The free trade agreement between the countries of the Mercosur and the Andean Community, which was just ratified by the Brazilian government, constitutes a significant advance in the process of establishing closer ties among the countries of South America.
The new accord creates a special mechanism favoring regional trade, with an immediate impact on entrepreneurs and consumers.
This was the thrust of a note issued to the press by the Brazilian Ministry of Foreign Relations, commenting the publication February 1st, in the Diário Oficial (Federal Register), of President Luiz Inácio Lula da Silva’s decree ratifying the Free Trade Agreement between the Mercosur and Colombia, Ecuador, and Venezuela, member states of the Andean Community.

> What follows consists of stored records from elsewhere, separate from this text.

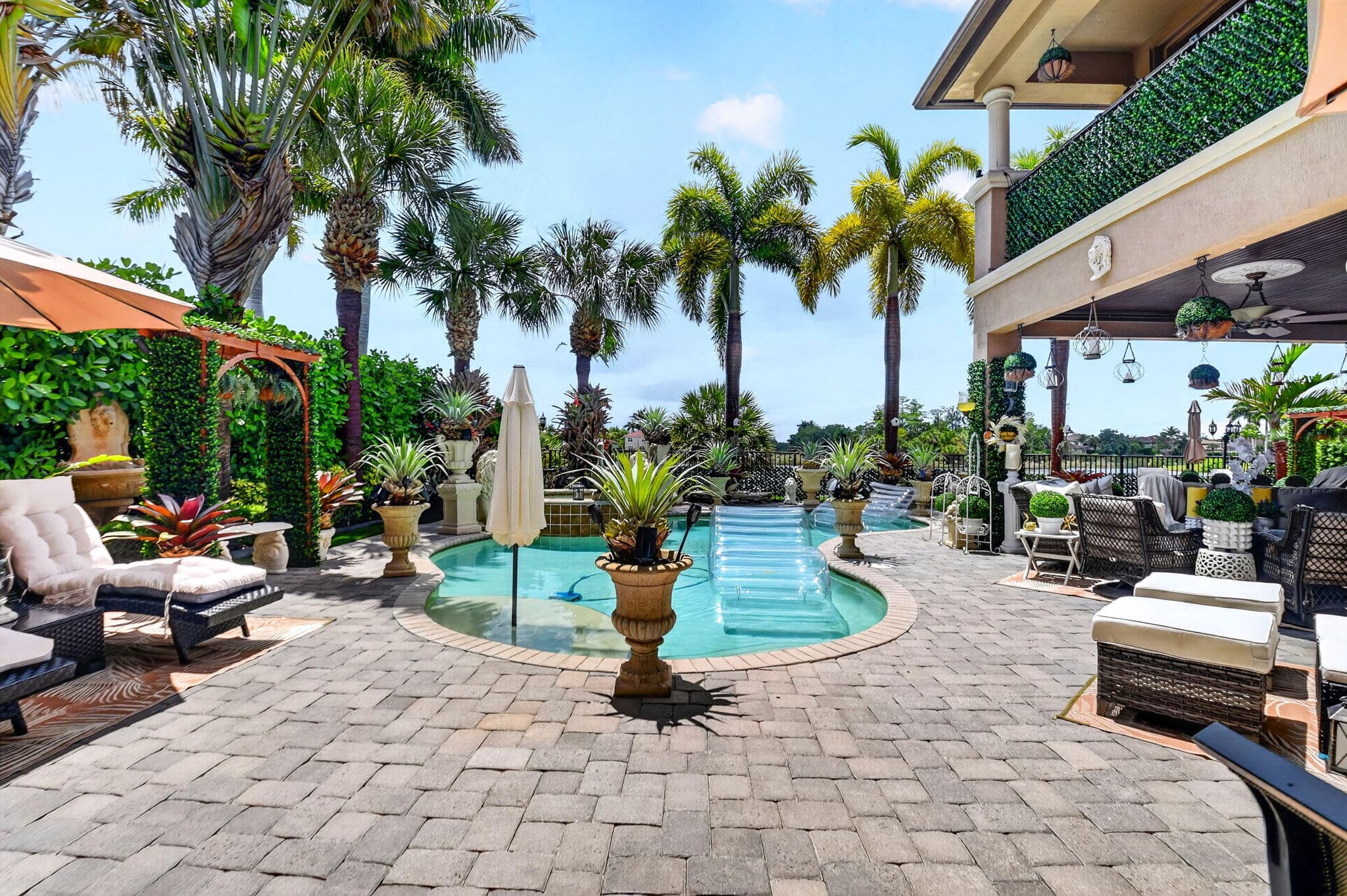 611 Edgebrook Lane, Royal Palm Beach, FL 33411 92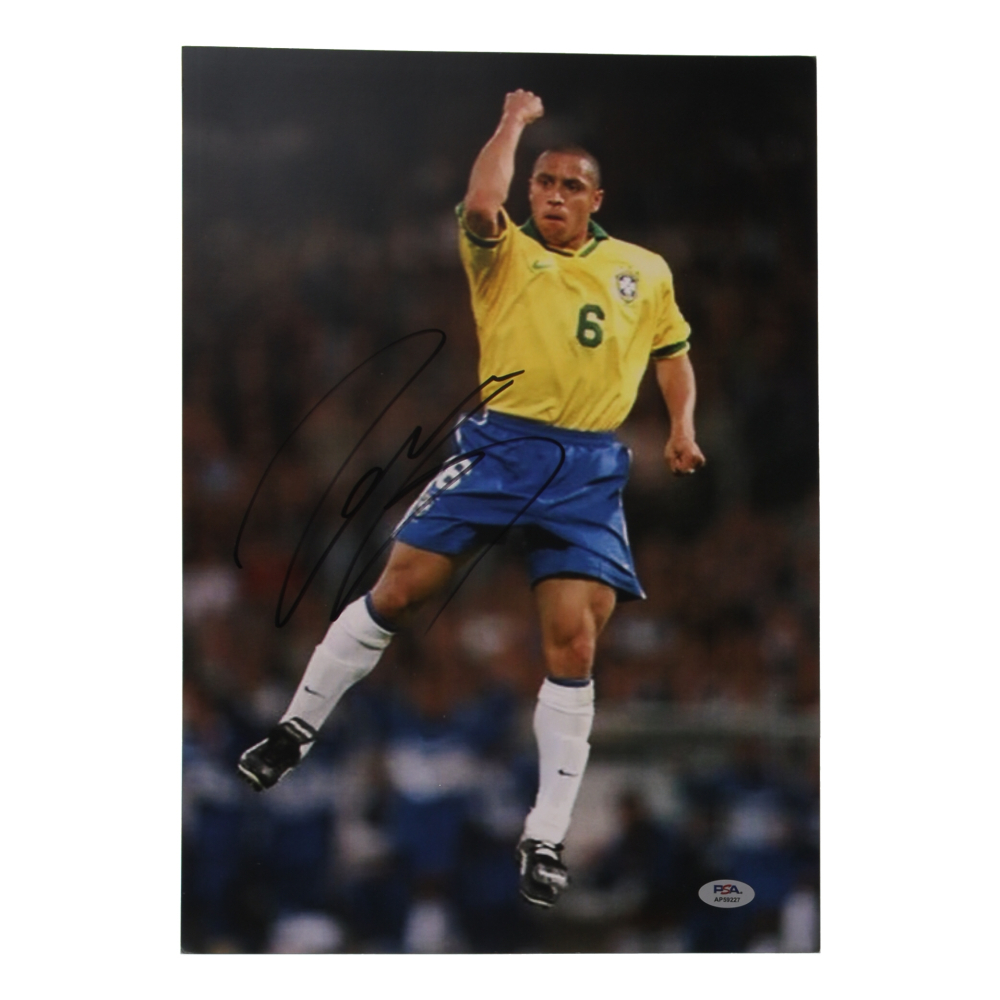 Roberto Carlos Signed 11.25x16.25 Photo (PSA) at PristineAuction.com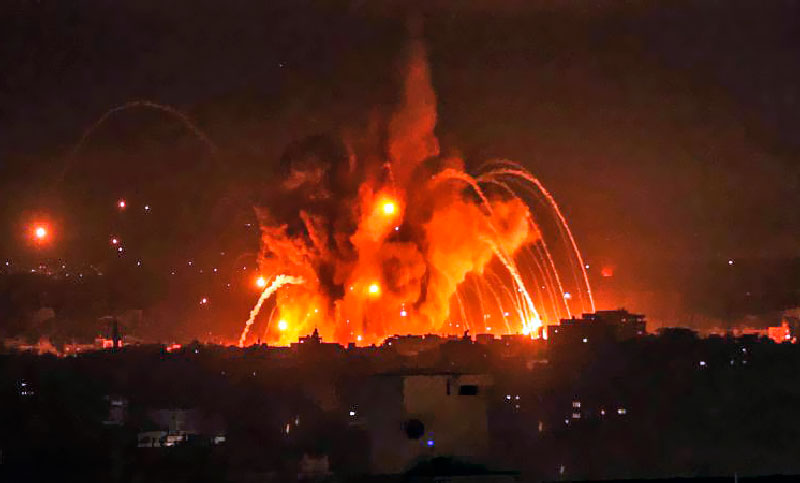 «Es una guerra de exterminio»: una noche en Gaza sumida en la oscuridad por el corte eléctrico impuesto por Israel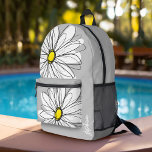 Sac À Dos Imprimé Whimsical Daisy - gris - nom de script tendance<br><div class="desc">Un dessin zen et fantaisiste d'une marguerite. Les lignes modernes sont dessinées à la main et comprennent des pétales blancs et un centre jaune pour la fleur. L'arrière - plan est un gris pastel doux - et le nom est un script tendance en blanc. Vous pouvez ajouter un nom, un...</div>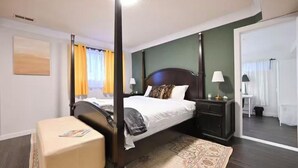 Room - 2-bedroom house in Vancouver and close to UBC perfect for relaxing getaways (Vancouver)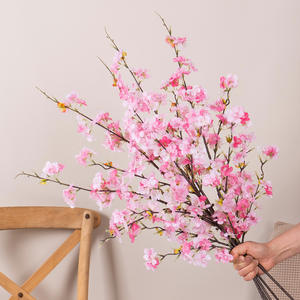 Branches de fleurs artificielles en soie très vendues pour la décoration de la maison et des mariages, branche de cerisier rose à quatre branches pour vase - Product Image 3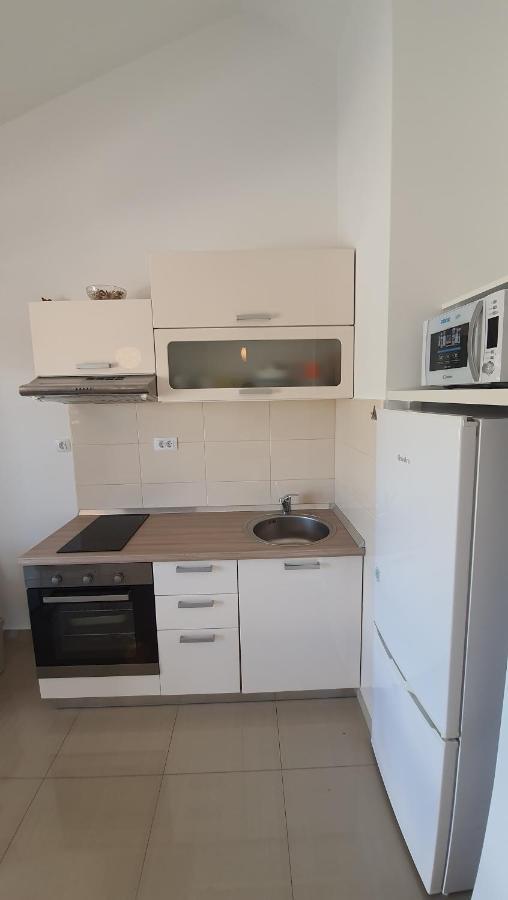 Apartments With Sea View Stomorska Bagian luar foto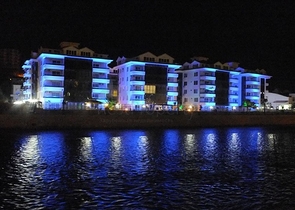 شقة غرفة وصالة ضمن مجمع سكني حديث جانب النهر في كاستل / الانيا 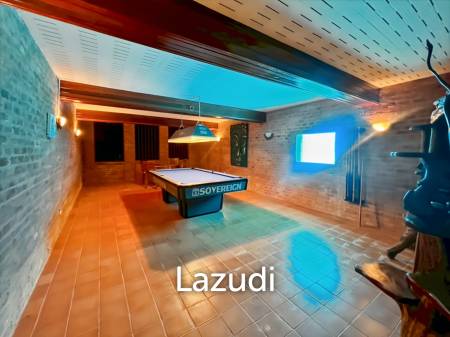 Exclusive 6-Bedroom Villa For Sale in Palm Hills Cha Am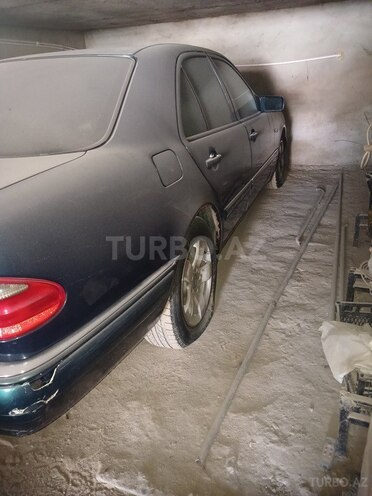 Mercedes E 230 1996, 141,741 km - 2.3 l - Bakı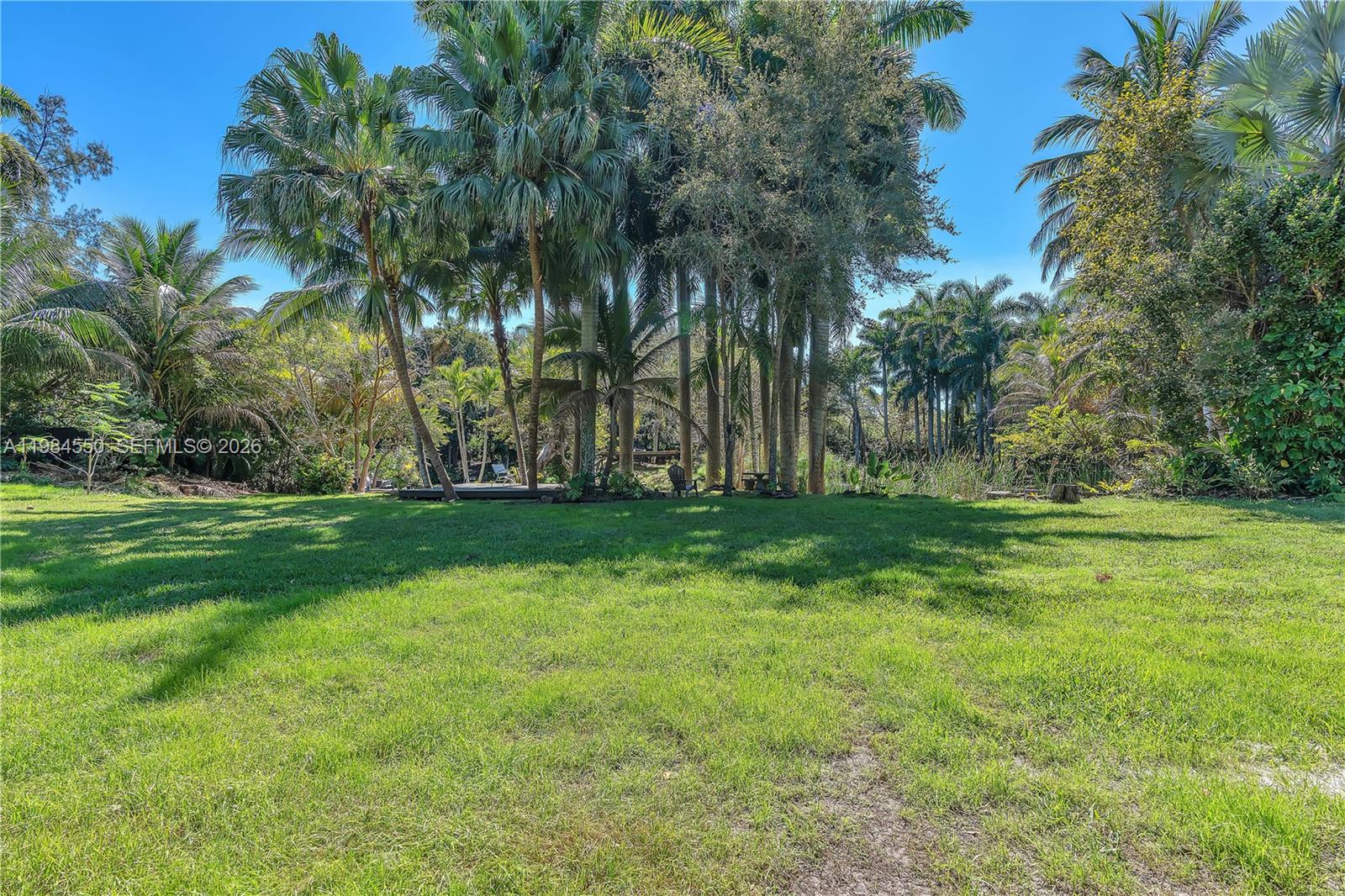   /   кв.футов $ 2026-03-17 0 Фото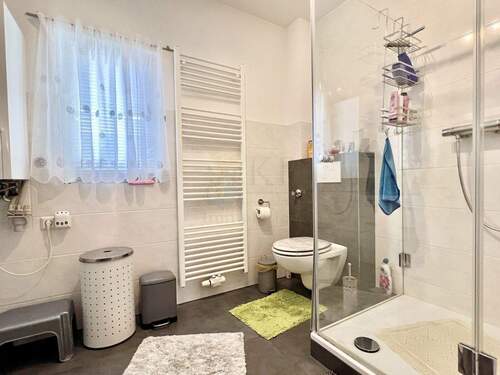 BAD IM OBERGESCHOSS - 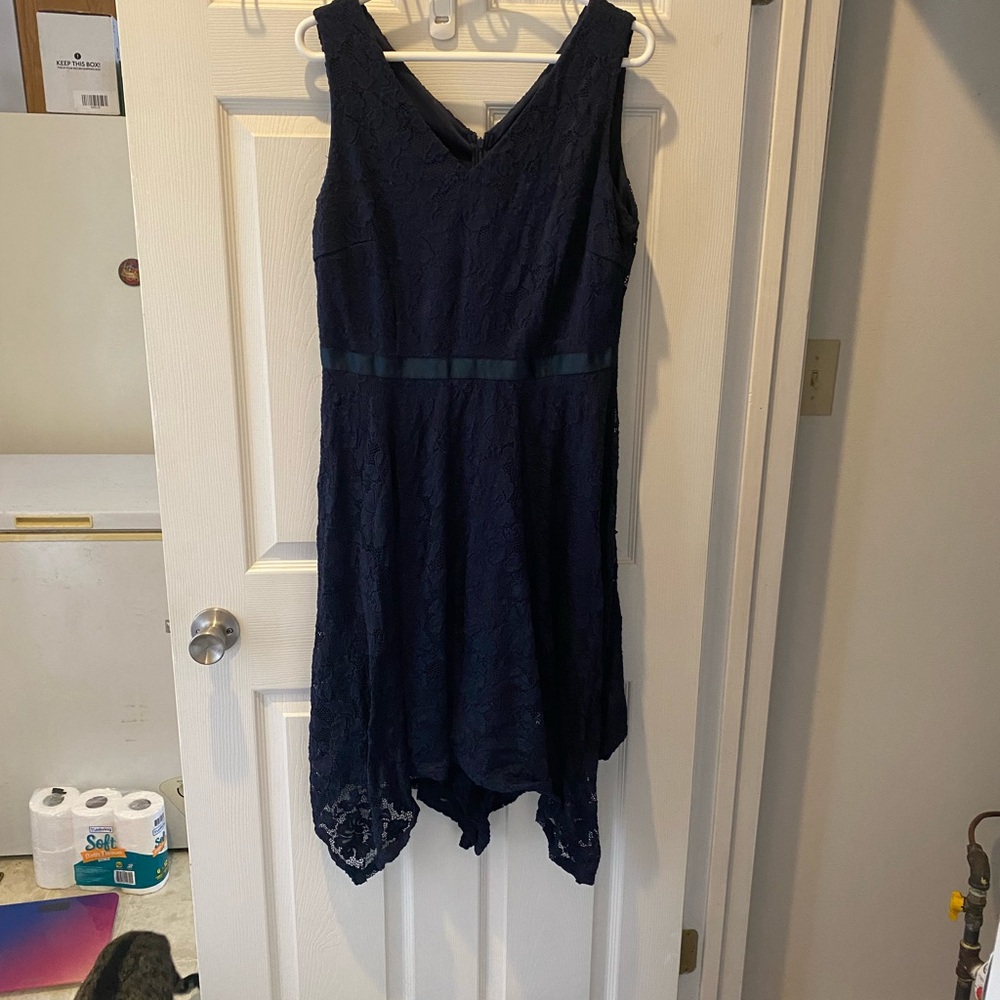Elegant Navy Blue Lace Midi Dress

The agreement, which was signed last October in Uruguay, during the 13th Meeting of the Council of Ministers of the Latin American Integration Association (ALADI), aims at improving the free trade zone for the sake of more profound economic, social, and institutional integration.
It takes into account, most of all, the complementary character of productive chains and the increased competitiveness of production in Brazil, Argentina, Uruguay, Paraguay, Chile, Bolivia, Peru, Ecuador, Colombia, and Venezuela.
In short, the “Group of Ten,” as the Presidents of Brazil, Luiz Inácio Lula da Silva, and Peru, Alejandro Toledo, pointed out.
This club should soon be joined by Surinam and Guyana, completing the contigent of the continent’s independent countries. This is the expressed desire of President Lula, who will visit these two countries and Venezuela on February 14-16.
The negotiations for their accession will be conducted in the context of a free trade agreement with the Caribbean as well.
The agreement that is currently in force between the Mercosur and the Andean Community also assigns priority to physical integration and in the areas of energy and communications; stimulates policies of rural and nutritional development.
It also encourages technological, scientific, and cultural cooperation; and envisions a growing interaction between the business sector and civil society as part of the dynamics of regional integration.